Fawcett, J. (2015). Invisible nursing research: Thoughts about mixed methods research and nursing practice. Nursing Science Quarterly, 28, 167-168.

Fawcett, J., Derboghossian, G., Flike, K., Gómez, E., Han, H.P., Kalandjian, N., Pletcher, J. E., & Tapayan, S. (2019). Thoughts about real nursing. Nursing Science Quarterly, 32, 331-332.

Hayes, C. (2018). Is OR nursing real nursing? Massachusetts Report on Nursing, September, 11.

Leininger, M. M. (2006). Culture care diversity and universality theory and evolution of the ethnonursing method. In M. M. Leininger & M. R. McFarland, Culture care diversity and universality: A worldwide nursing theory (2nd ed., pp. 1-41). Boston: Jones and Bartlett.

Why Not Nursology?

Photo – Adeline Falk-Rafael © 2018

Dr. Jacqui Fawcett  eloquently argued the case for “Why Nursology “a few weeks back. Another question might be asked – why not nursology? The use of “logy” – the study of – is widely used as a convention for identifying the knowledge base of other disciplines, e.g, biology, sociology, psychology, etc. On the other hand, the word “nursing” can be confusing because it has both popular uses, such as sipping a drink slowly or breastfeeding, and professional uses such as nursing (practice) and nursing (knowledge). It is beyond time for distinguishing between those two professional meanings. I believe doing so will go a long way toward making nursing knowledge visible, not only to other health disciplines and the public, but also to nurses and nursing students themselves. Language is powerful – it is the reason, I have previously advocated for replacing the term “student nurse” with nursing student. I look forward to that becoming nursology students!

I am excited about this initiative! Perhaps that is because my first nursing program was a hospital-based diploma program in the Canadian mid-west during the early 1960s in which the only reference to nursing science that I recall was a textbook called “The Art and Science of Nursing.”  The science of nursing was, sadly,  never explicated.

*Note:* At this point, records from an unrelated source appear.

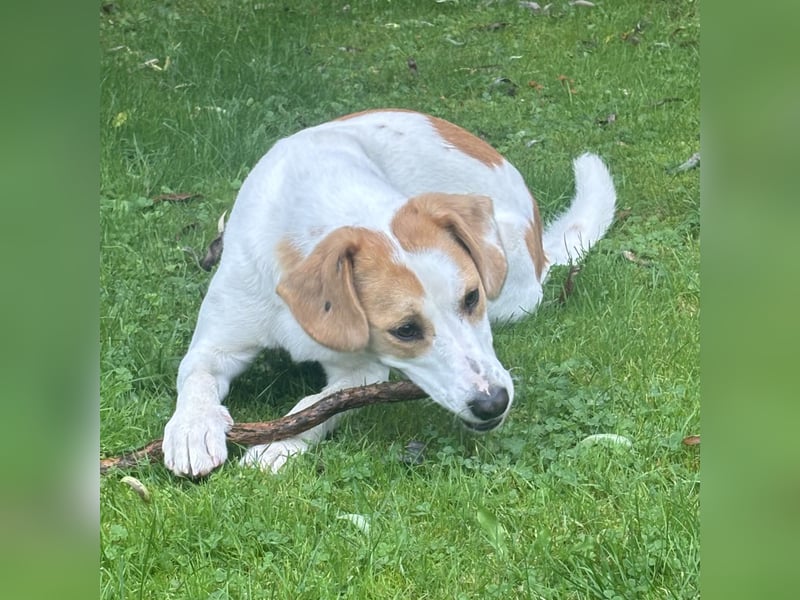 METTI SUCHT IHR TRAUMZUHAUSE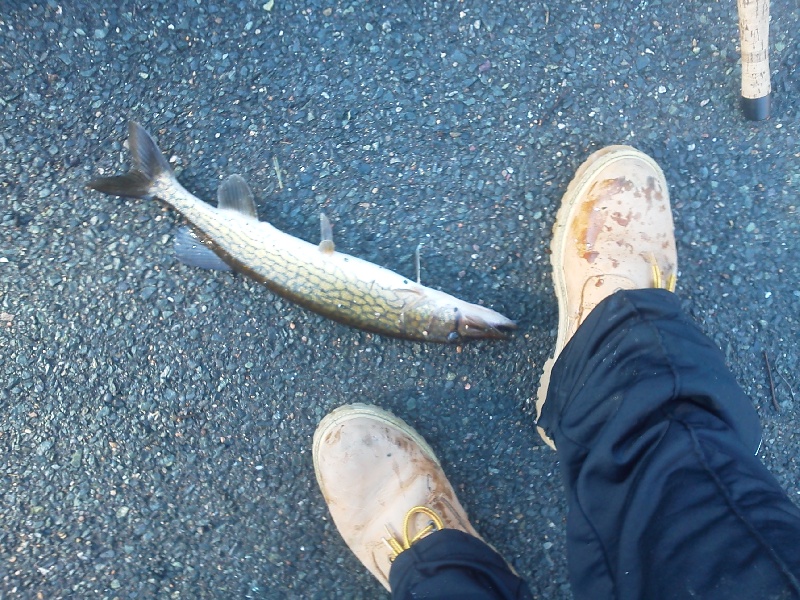 pikerel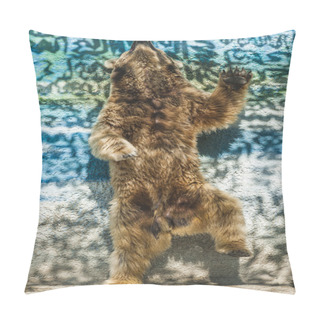 Personality  Brown Bear Dancing In Russian Zoo Pillow Covers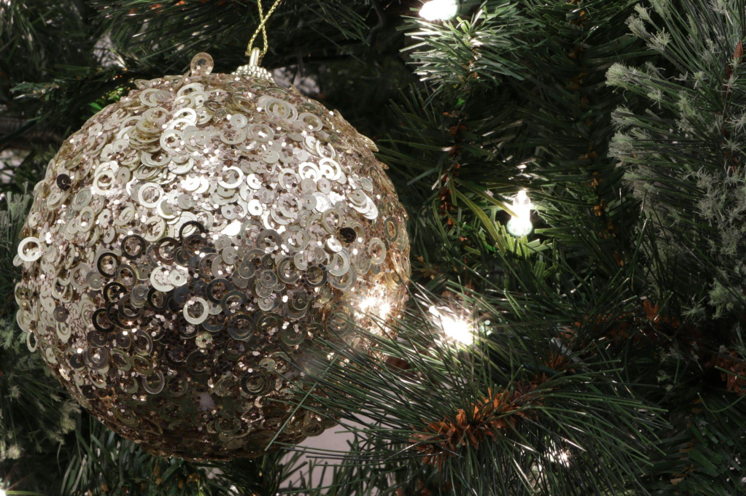 Tips for the Perfect Christmas Tree with Lights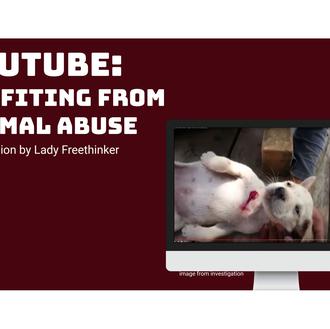 Advierten sobre la peligrosa tendencia de vídeos de rescate animal …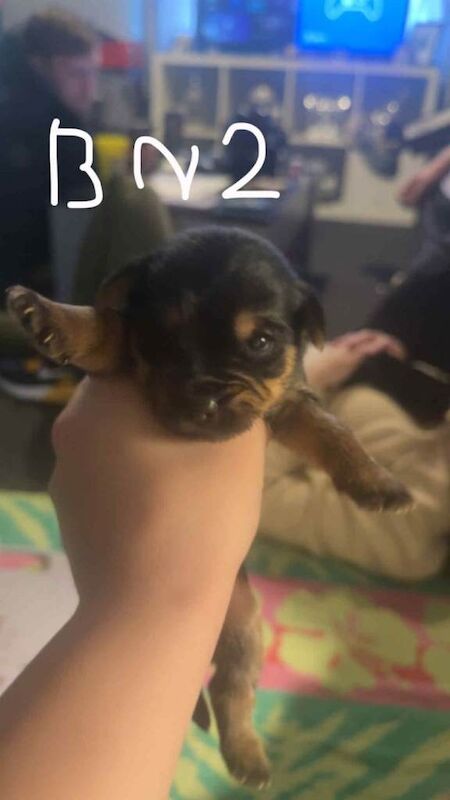 Yorkshire Terrier puppies for sale in Sandwell, West Midlands – 3 weeks old - Image 3 of 3
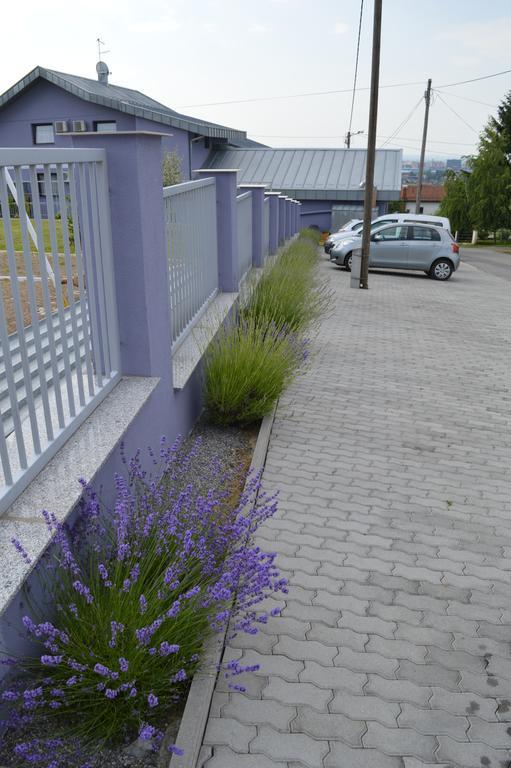 Pansion Antonio Bed & Breakfast Slavonski Brod Exterior photo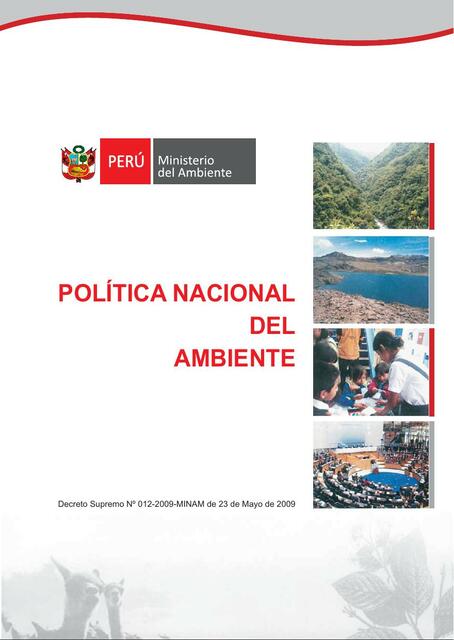 Política Nacional del Ambiente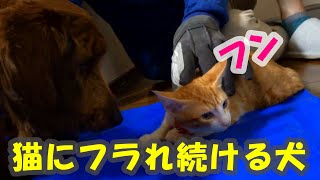 【ダップー犬】【野良猫】しつこい男は嫌われる　Persistent dog \u0026 cool cat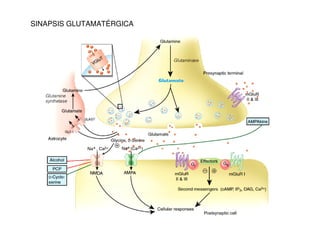 SINAPSIS GLUTAMATÉRGICA 
 
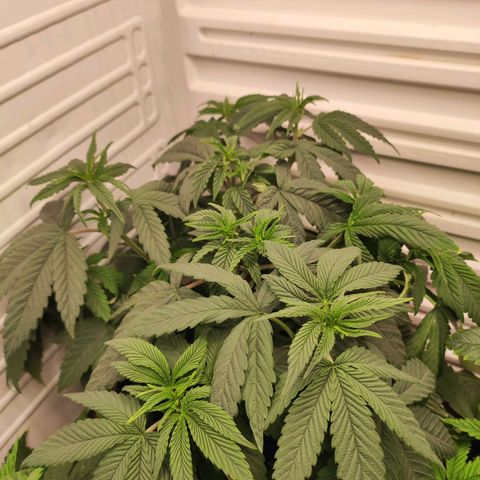Northern Lights growlog timeline photo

I learned nursing basically as an ancillary medical service, i.e., the care required in the context of specific medical diagnoses and/or treatments. Over the next 15 years, I worked in various units in different hospitals in different cities and provinces. I practiced as I had been taught and consistent with how other Registered Nurses practiced. I say with some shame that I wasn’t reading nursing journals during that time and looking back, I think that was the norm for my colleagues, as well. Hospital or unit procedure books provided the necessary instruction for how to perform essential tasks.

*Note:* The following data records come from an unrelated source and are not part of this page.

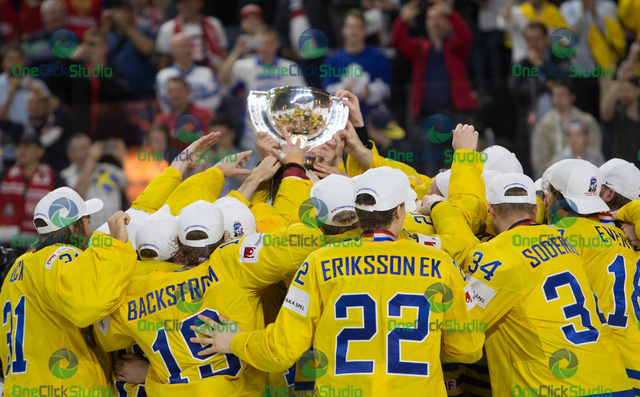 Švédsko - majster sveta 2017
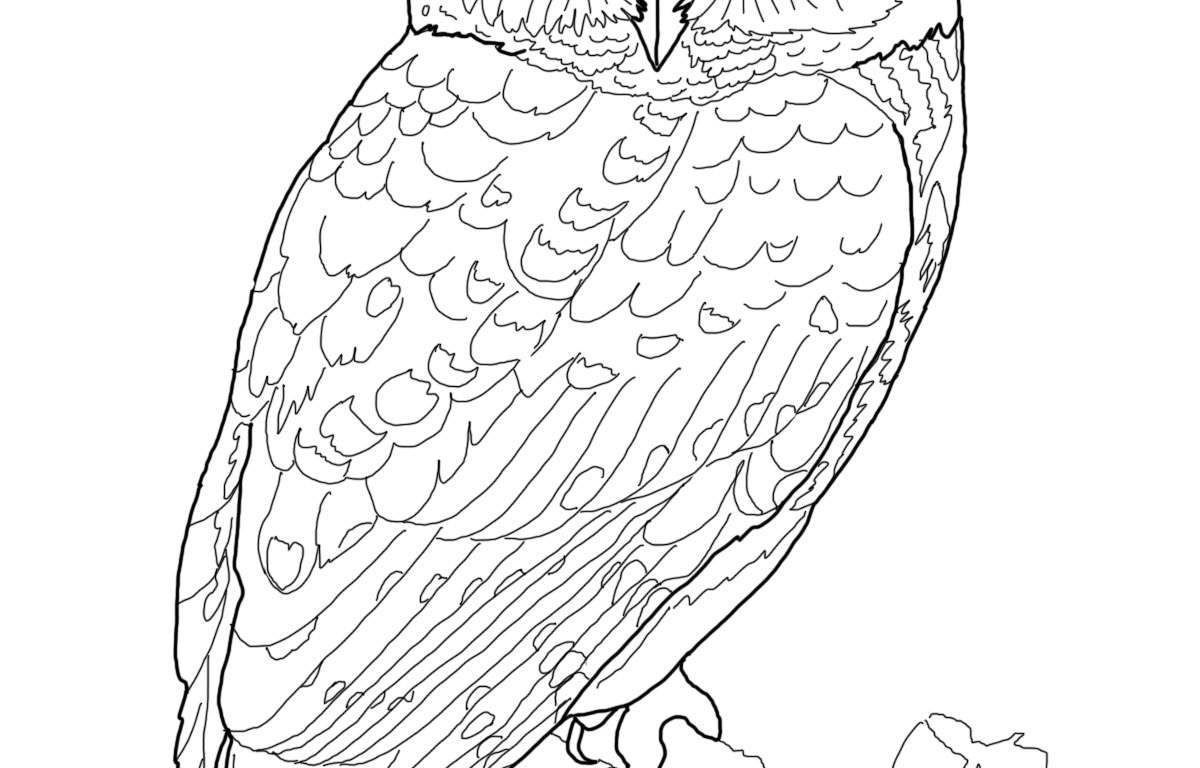 1200x768 Barn Owl Coloring Pages In All You Free Animals Sheets Colouring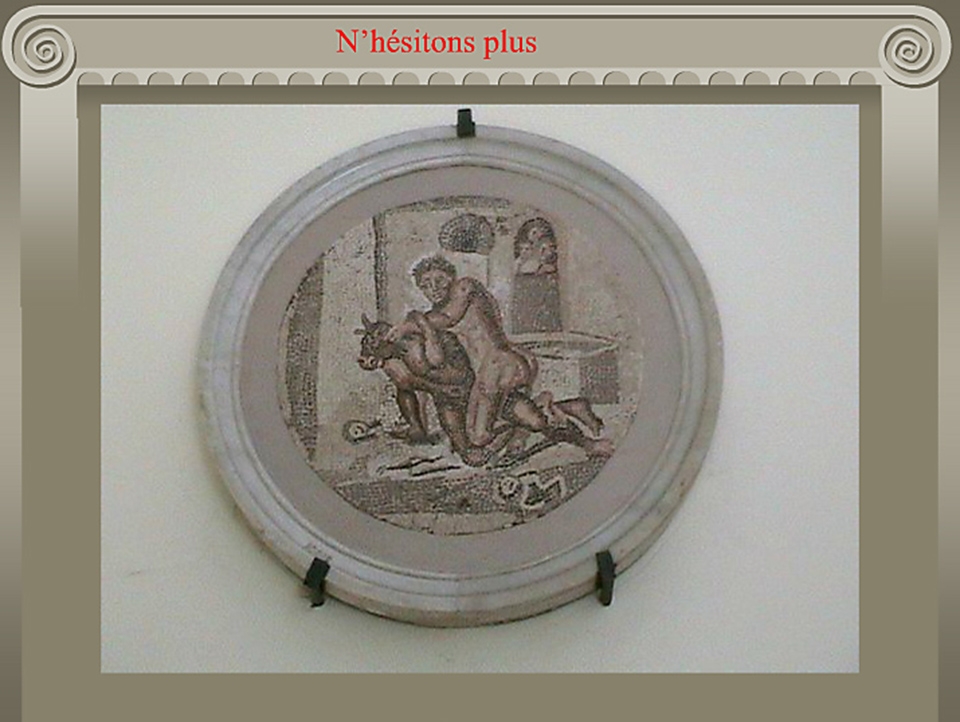 Le pont de Bezons: son histoire 1811-1871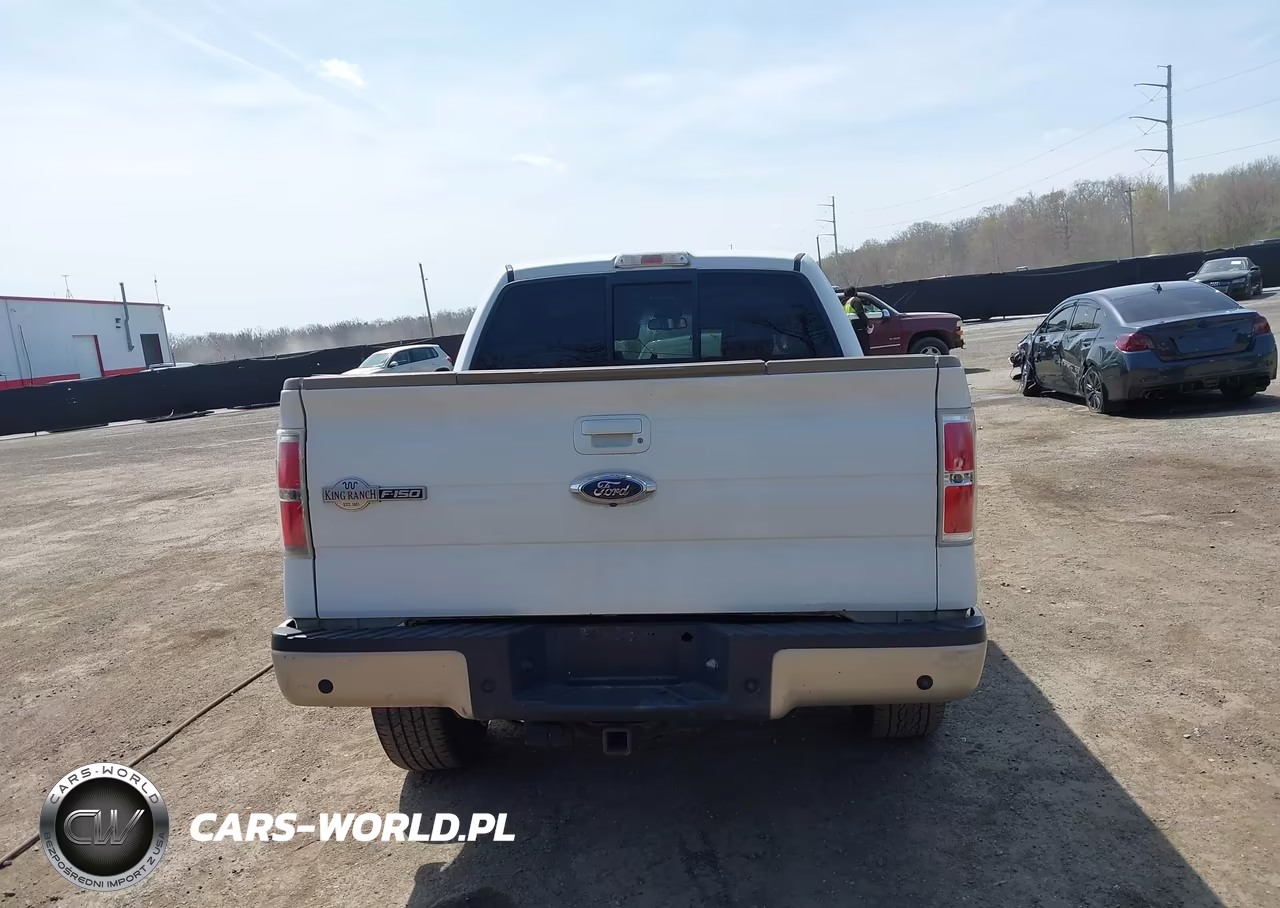 2009 Ford F-150 Fx4-King Ranch-Lariat-Platinum-Xl-Xlt VIN:1FTPW14V69KC78654 - 16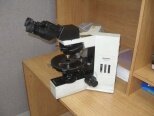 OLYMPUS BX40
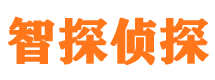 黑山市私家侦探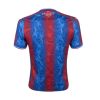 Thuisshirt Crystal Palace seizoen 2024-2025 officieel tenue
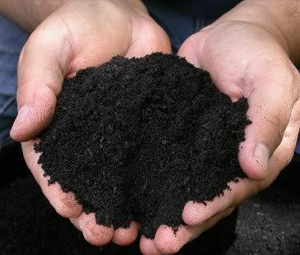 Projeto Adubo Orgânico - Resíduo Zero - ESSA - Estratégia Socioambiental - 1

It wasn’t until I moved into a leadership position and took a nursing leadership course that I was introduced to and required to engage with nursing (and other) literature. I marveled at how nursing leaders so articulately argued the contributions nurses make to health and healing, contributions that were based on nurses’ assessments and judgments, independent of medical directives. Nursing  process, nursing diagnoses and nursing theories excited me because they named and provided systematic structure for the work that nurses did in promoting health and healing. In other words, they began to make the invisible, visible! I began to read books and papers on my own, but soon realized I needed more knowledge and returned to school.

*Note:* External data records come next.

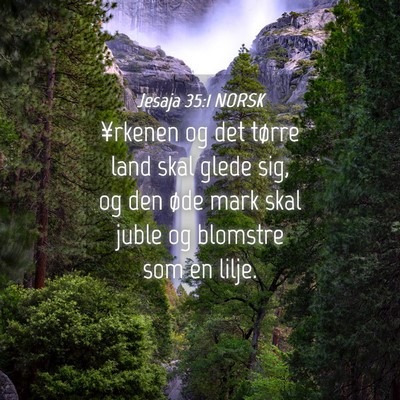 Picture 04 - Jesaja 35:1 NORSK - ¥rkenen og det tørre land skal glede sig, og - Bible Verse Picture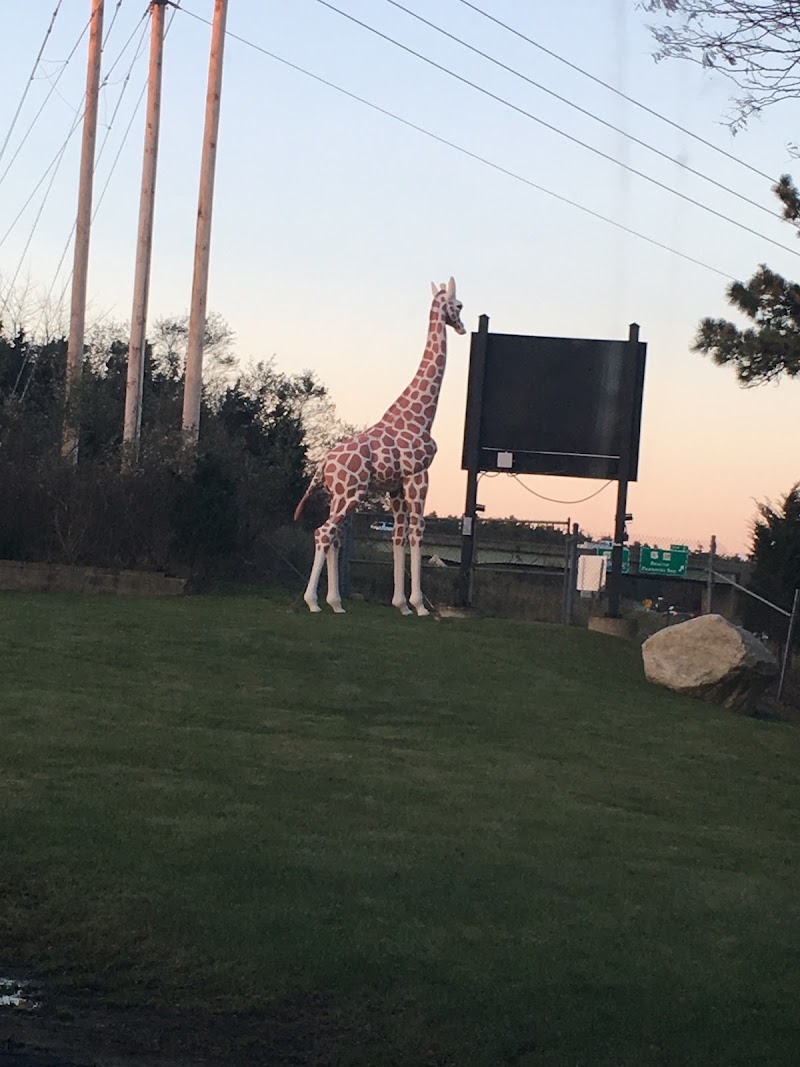 Cape Cod Veterinary Specialists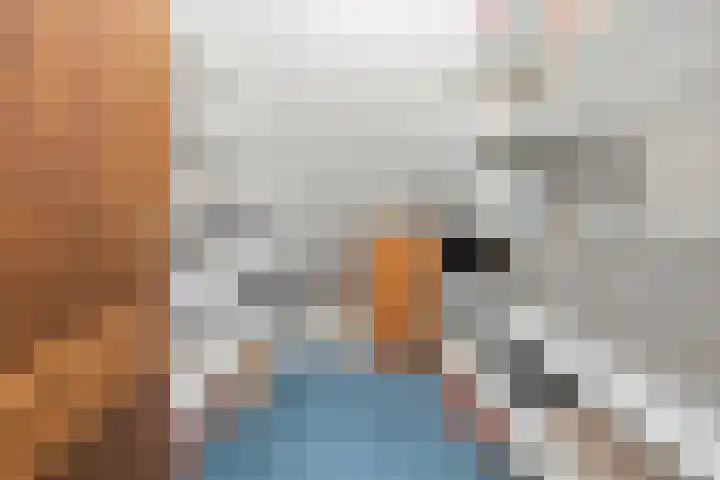 Molenweg 62 Bergharen thumbnail 48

I don’t think my journey was unusual for that time. What grieves me is seeing still, much too often, nurses who acknowledge the biological, physiological, psychological, sociological and/or medical knowledge that informs their practice but fail to recognize the critical contribution of nursing knowledge. Nursology is a term that by its very nature emphasizes the disciplinary field of study that informs nursing practice. I can’t wait for the first Nursology programs and for nursing researchers and advanced practioners being recognized as nursologists, in keeping with the conventions of so many other disciplines.